I just looked at the paper to the talk:

We found that the cuobjdump -dump-resource-usage command (that prints a kernel’s register usage) reports a count that includes both regular and uniform registers. The upper limit of total registers used in any CUDA kernel is 256, unchanged from Volta.

We confirmed this result by patching the register count in the section header of a CUDA kernel to values above 256, and determining that cuobjdump only recognizes 256 registers at most.


If this is true (and not just a limitation of the tools), the reason could be (just guessing) that on the hardware level, the regular registers of each lane store a copy of all uniform registers for faster access for the instructions that use both - regular and uniform registers.

But I believe not, then there would be a lot more SASS instructions being able to use uniform registers and they would (when reading) use the same encoding as when accessing regular registers. As in new CUDA architectures the SM does not have to check for instruction latencies and dependencies, as this information is stored in the instruction words, the SM would not need to know, whether a register to read is a general or uniform register. So the shadow register theory is unlikely.

Another theory would be that the compilation has several intermediate representations and a conversion of some instructions to the uniform datapath was included very late in the process, when the distribution of the data to registers and thus the number of registers was already fixed.

To prevent the compiled program from using more than 255 general registers, the maximum total as input to the compiler would have been limited to 255. But in this case, -maxrregcount would also limit the total number of registers.

A third theory is that the number of registers put into the object file was limited to 256 (not 255?) for compatibility reasons and it has nothing to do with the capabilities of the compiler or the GPUs.

We could hack together a few SASS commands that fill and read back all 255+63 registers and try it out.

Does anybody know the maximum number of uniform registers per SM? Or per block? We know the limit of 64 per warp due to instruction encoding. What if several warps run in each partition? Then the uniform registers would have to be stored in a register file.

In the Hot Chips 31 presentation of the Turing architecture they showed a slide with a regular register file of 64 kB (i.e. 4 Bytes * 32 lanes * 512) per partition and a uniform register file of 2 kB (i.e. 4 Bytes * 1 lane * 512) per partition. So from this slide it should actually be possible to use as many uniform registers as regular registers (per thread, of course they are shared within the warp, so there are 32x less), but up to a maximum of 63 (due to instruction encoding).
(RTX on—The NVIDIA Turing GPU | Semantic Scholar you can find the presentation also on Youtube and there is a PDF version)
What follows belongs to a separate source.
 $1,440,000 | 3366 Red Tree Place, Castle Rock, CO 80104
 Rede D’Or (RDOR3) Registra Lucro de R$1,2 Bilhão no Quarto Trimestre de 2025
Having the same overall register size (/32) means that there is no additional criteria for occupancy calculation and no different logic for register file division to warps.

NVIDIA has at least one patent related to uniform registers which may provide some insights: US10866806B2 Uniform register file for improved resource utilization.

Standard caveats about reading patents apply. My take is that it does not matter what is happening under the hood, and what is or is not exposed through the tool chain. Let’s assume someone takes the time tio reverse engineer it. What would one do with that information? I don’t think anyone is going to build an alternative toolchain for NVIDIA GPUs that is usable by the general public in the longer term (see various one-off SASS assembler projects).